:: THE DATA
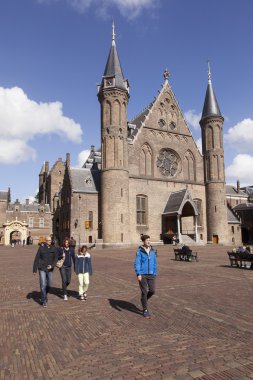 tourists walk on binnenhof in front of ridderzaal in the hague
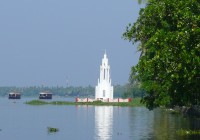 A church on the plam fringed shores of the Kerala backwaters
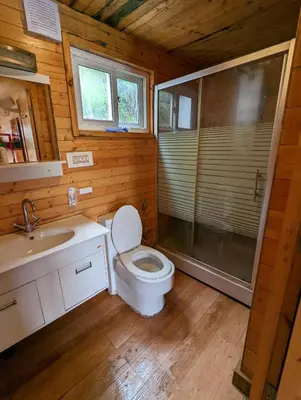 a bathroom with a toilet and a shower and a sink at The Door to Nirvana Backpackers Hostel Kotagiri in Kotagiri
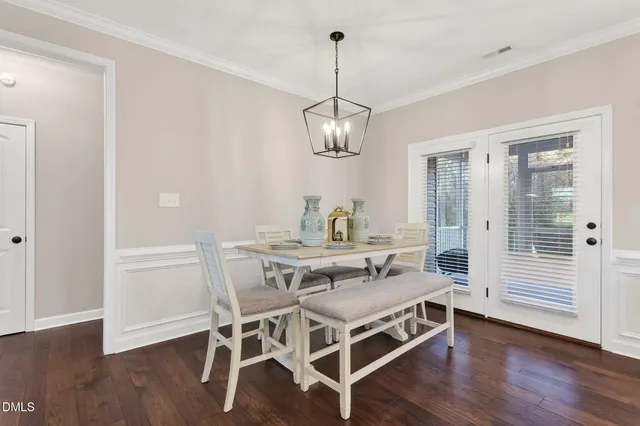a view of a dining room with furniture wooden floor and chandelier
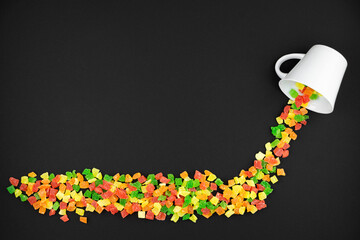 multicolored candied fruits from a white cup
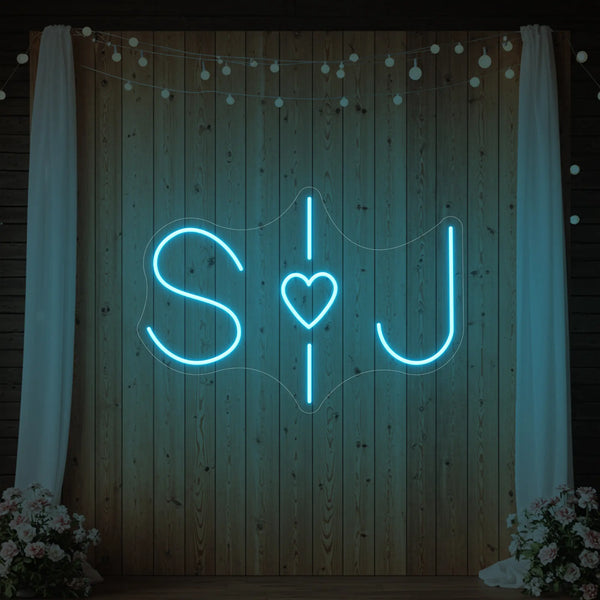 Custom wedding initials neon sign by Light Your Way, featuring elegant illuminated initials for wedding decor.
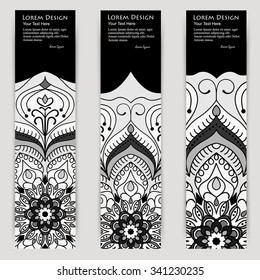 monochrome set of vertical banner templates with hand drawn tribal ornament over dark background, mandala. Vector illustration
::::
:: THE DATA
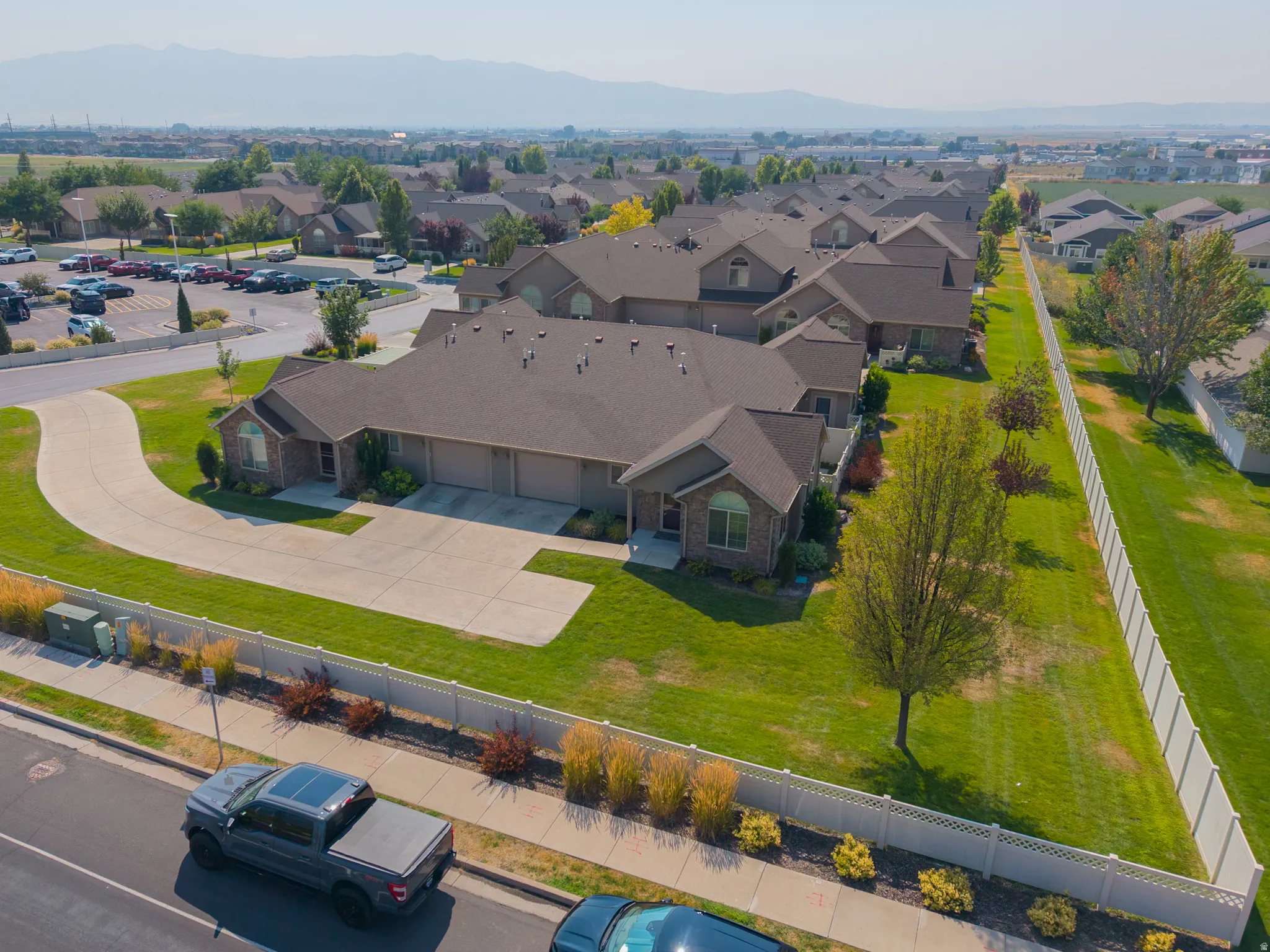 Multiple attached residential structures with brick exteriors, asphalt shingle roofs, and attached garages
::::
:: THE DATA
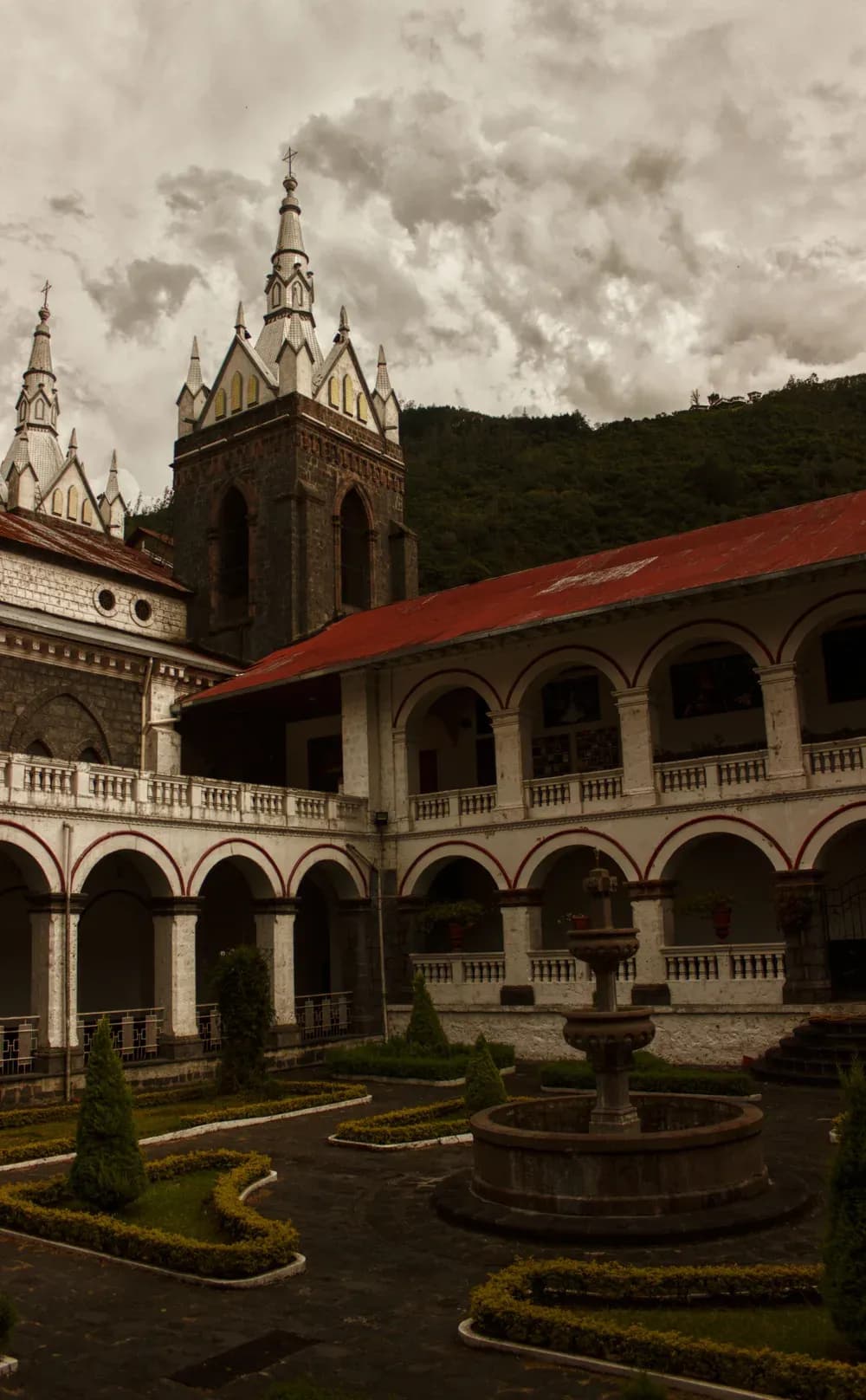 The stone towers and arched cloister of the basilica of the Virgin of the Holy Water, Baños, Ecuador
::::
● **TASK TO COMPLETE**:
With pictures omitted, repeat the entries above word for word from the line holding "tourists walk on" down to the line holding "monochrome set of", keeping both of those lines.

● **COMPLETED EXERCISE**:
 tourists walk on binnenhof in front of ridderzaal in the hague
 A church on the plam fringed shores of the Kerala backwaters
 a bathroom with a toilet and a shower and a sink at The Door to Nirvana Backpackers Hostel Kotagiri in Kotagiri
a view of a dining room with furniture wooden floor and chandelier
 multicolored candied fruits from a white cup
 Custom wedding initials neon sign by Light Your Way, featuring elegant illuminated initials for wedding decor.
 monochrome set of vertical banner templates with hand drawn tribal ornament over dark background, mandala. Vector illustration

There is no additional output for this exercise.